[ASSIGNMENT] From the line containing "Muhtar cinayeti: Eşiyle" to the line containing "therapeutic slippers" in the records below, set down every line exactly as it stands, both ends included, and skip the pictures.

[PROVIDED INFORMATION]

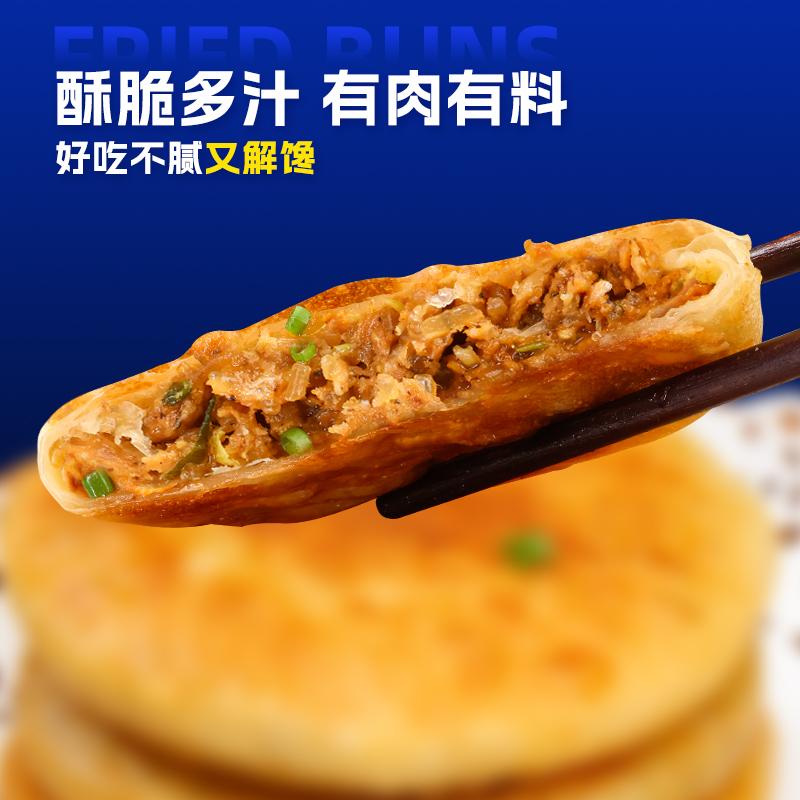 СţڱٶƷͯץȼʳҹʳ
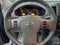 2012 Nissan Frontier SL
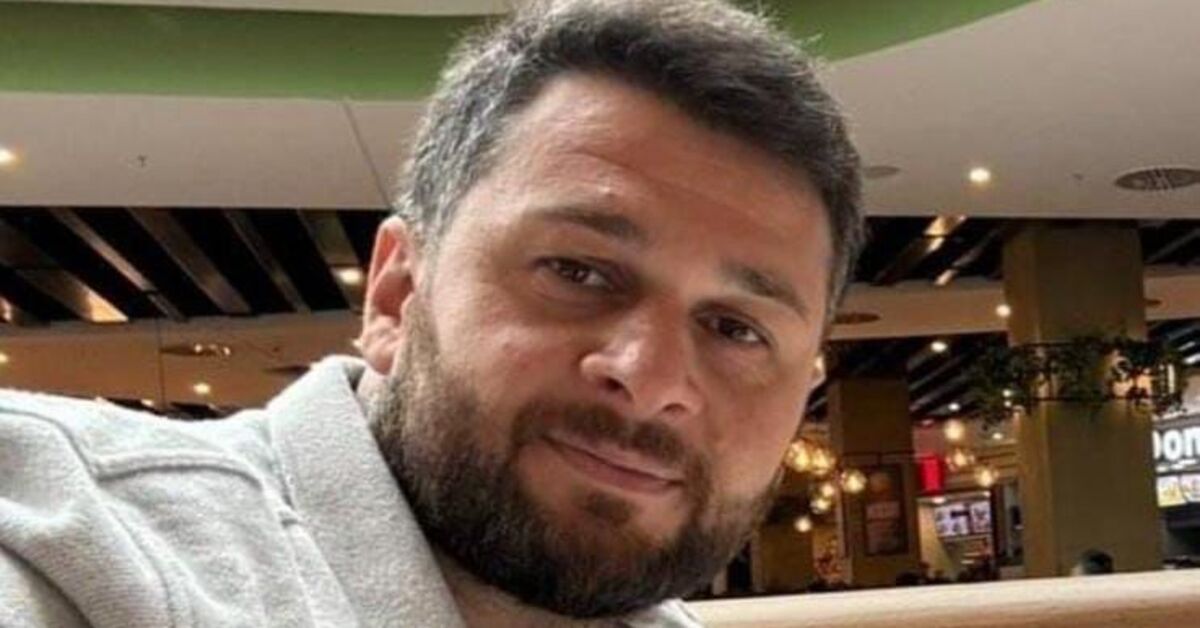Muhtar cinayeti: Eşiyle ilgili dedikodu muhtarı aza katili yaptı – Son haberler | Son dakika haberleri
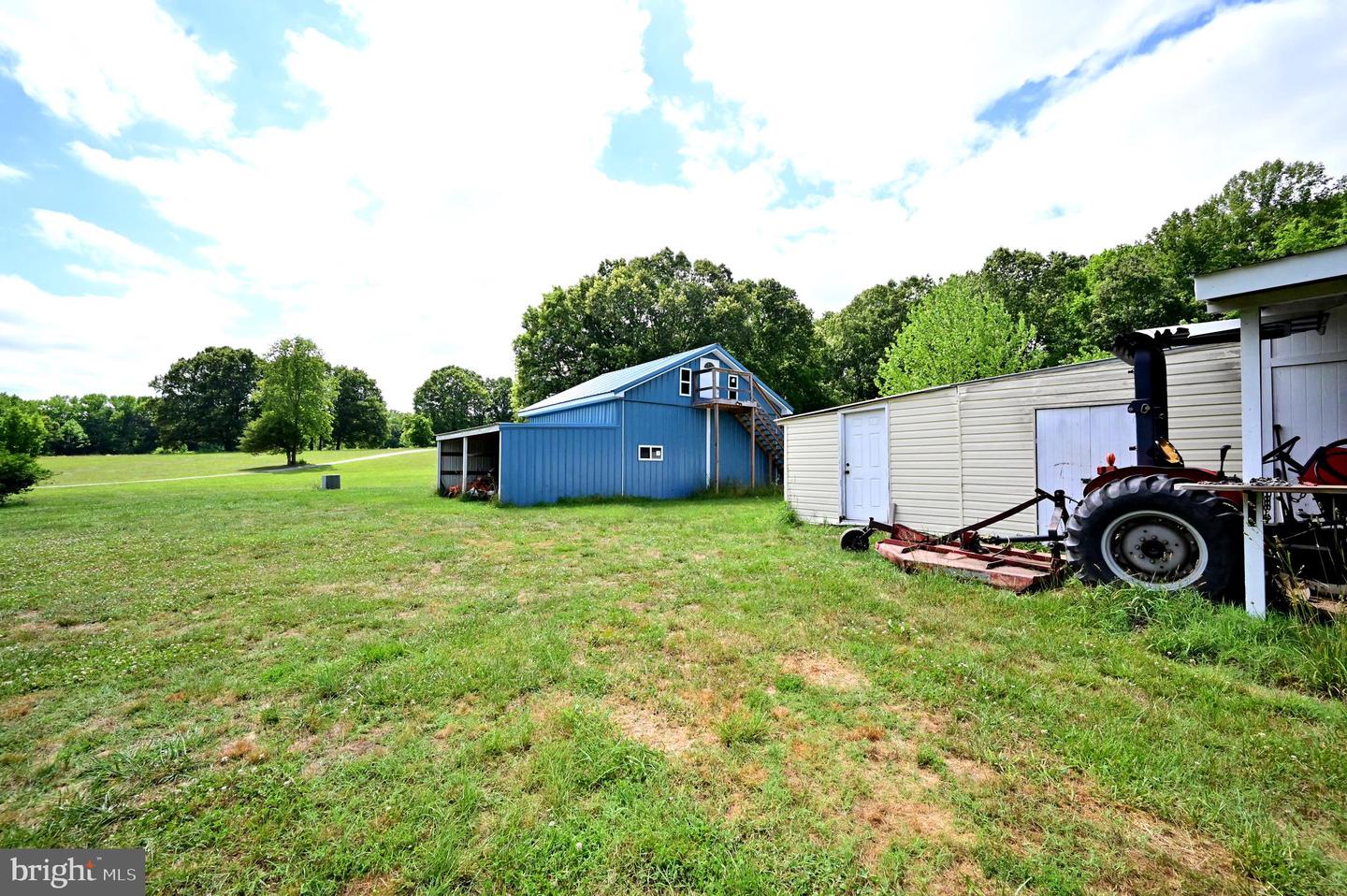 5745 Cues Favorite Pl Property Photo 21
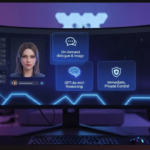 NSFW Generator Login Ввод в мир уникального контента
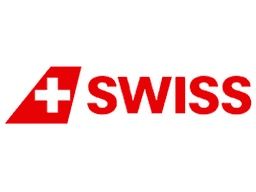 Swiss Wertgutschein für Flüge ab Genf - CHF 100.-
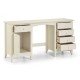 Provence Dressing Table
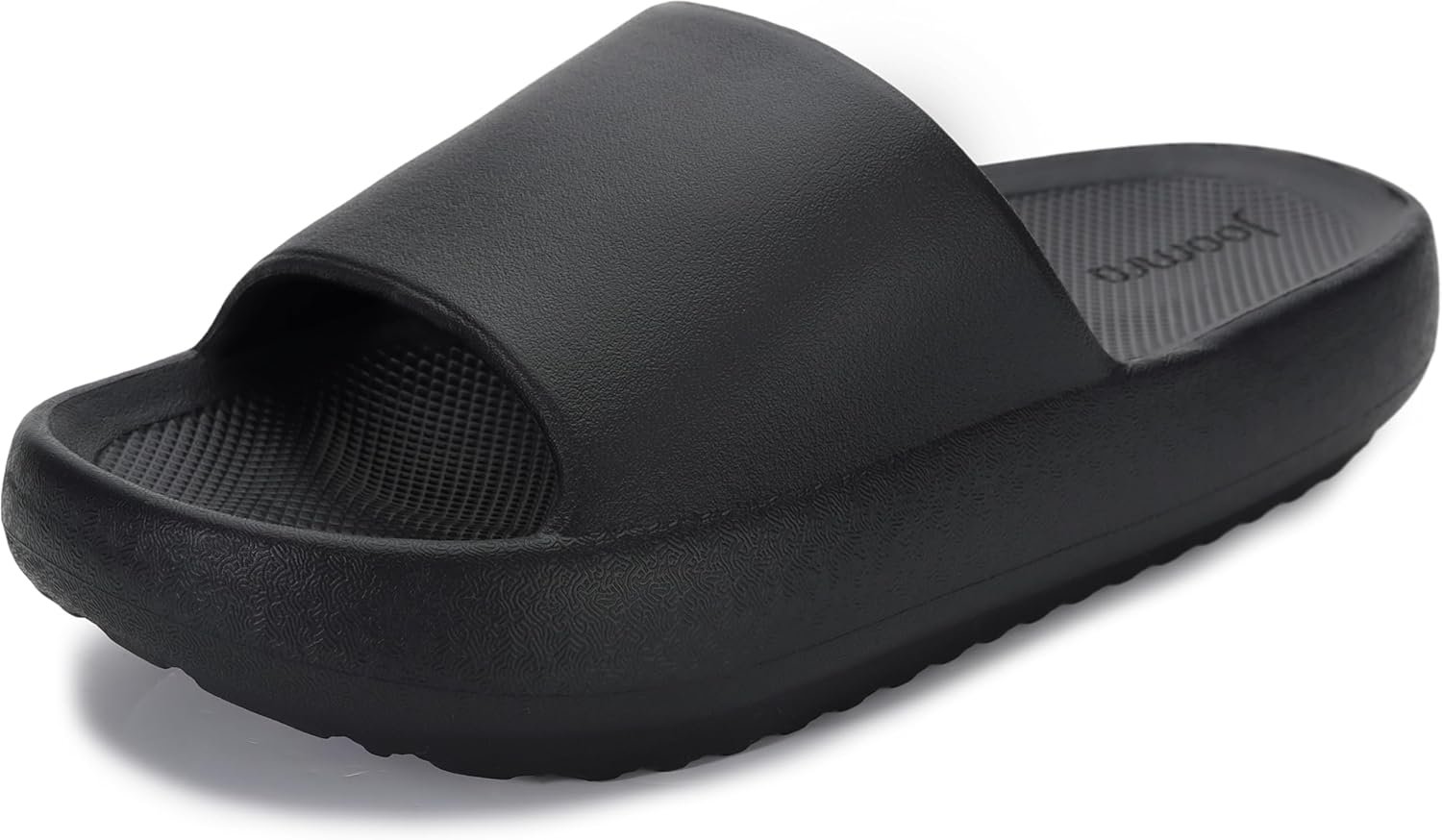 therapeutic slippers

==

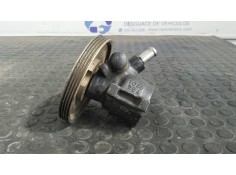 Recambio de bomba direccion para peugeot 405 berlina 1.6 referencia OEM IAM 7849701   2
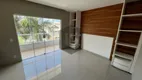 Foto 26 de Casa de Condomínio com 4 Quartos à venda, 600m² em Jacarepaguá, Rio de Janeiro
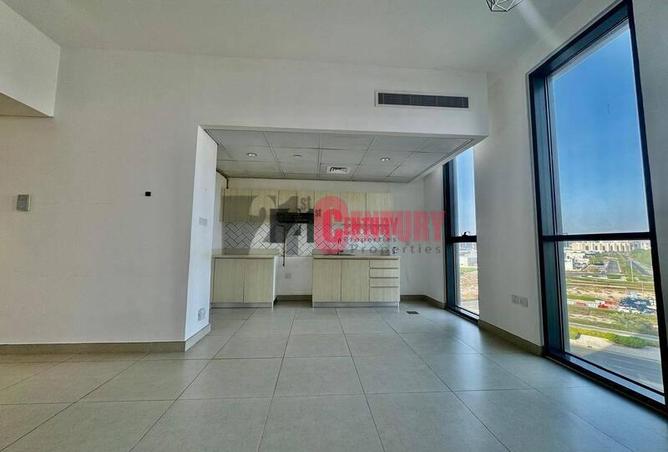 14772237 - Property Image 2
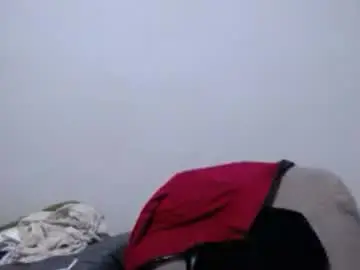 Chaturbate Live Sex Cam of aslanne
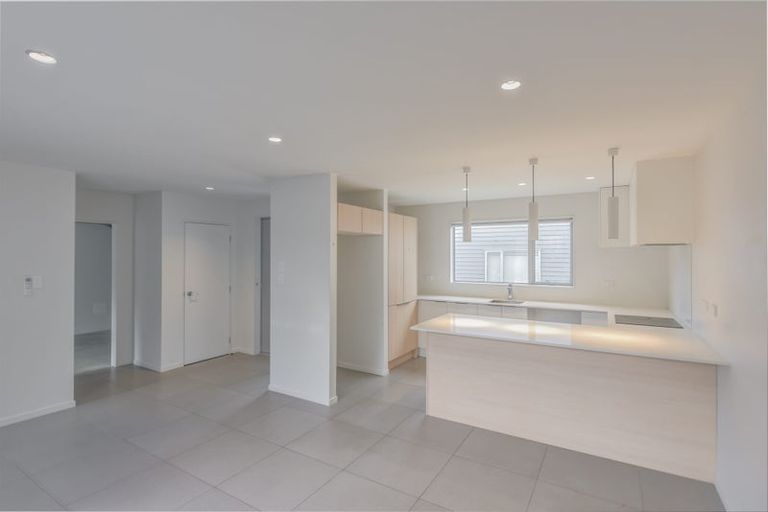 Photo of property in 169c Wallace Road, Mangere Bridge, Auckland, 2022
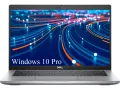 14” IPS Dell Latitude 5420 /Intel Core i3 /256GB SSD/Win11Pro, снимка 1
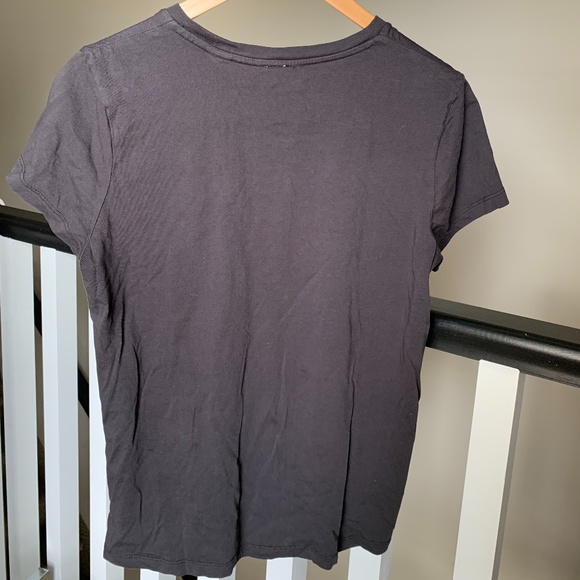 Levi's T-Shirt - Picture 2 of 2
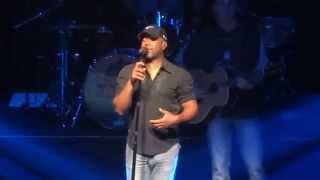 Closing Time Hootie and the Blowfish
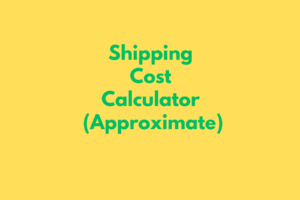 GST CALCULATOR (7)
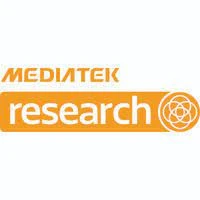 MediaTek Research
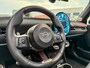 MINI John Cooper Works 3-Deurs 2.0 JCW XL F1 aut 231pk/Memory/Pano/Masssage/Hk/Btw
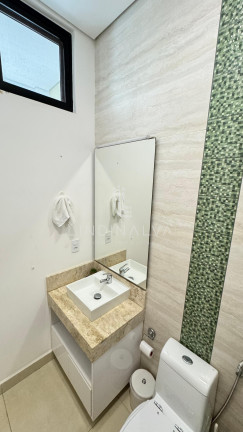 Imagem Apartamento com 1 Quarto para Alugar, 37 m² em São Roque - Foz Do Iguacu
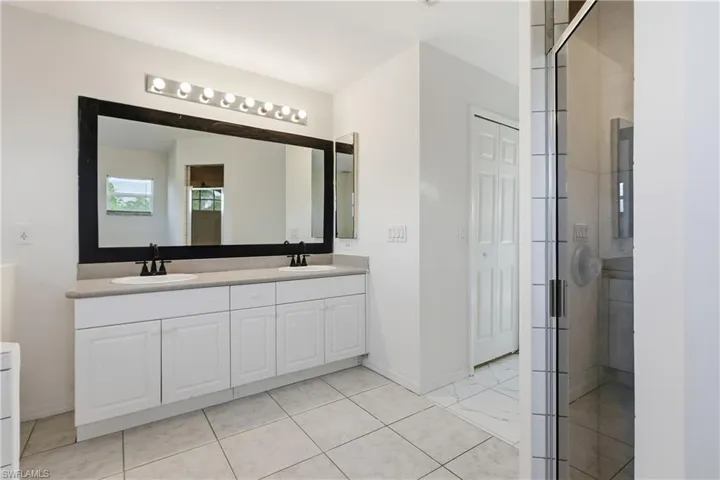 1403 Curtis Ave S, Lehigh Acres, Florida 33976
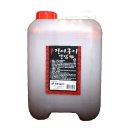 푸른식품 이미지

[TASK RESPONSE]
Muhtar cinayeti: Eşiyle ilgili dedikodu muhtarı aza katili yaptı – Son haberler | Son dakika haberleri
 5745 Cues Favorite Pl Property Photo 21
 NSFW Generator Login Ввод в мир уникального контента
 Swiss Wertgutschein für Flüge ab Genf - CHF 100.-
 Provence Dressing Table
 therapeutic slippers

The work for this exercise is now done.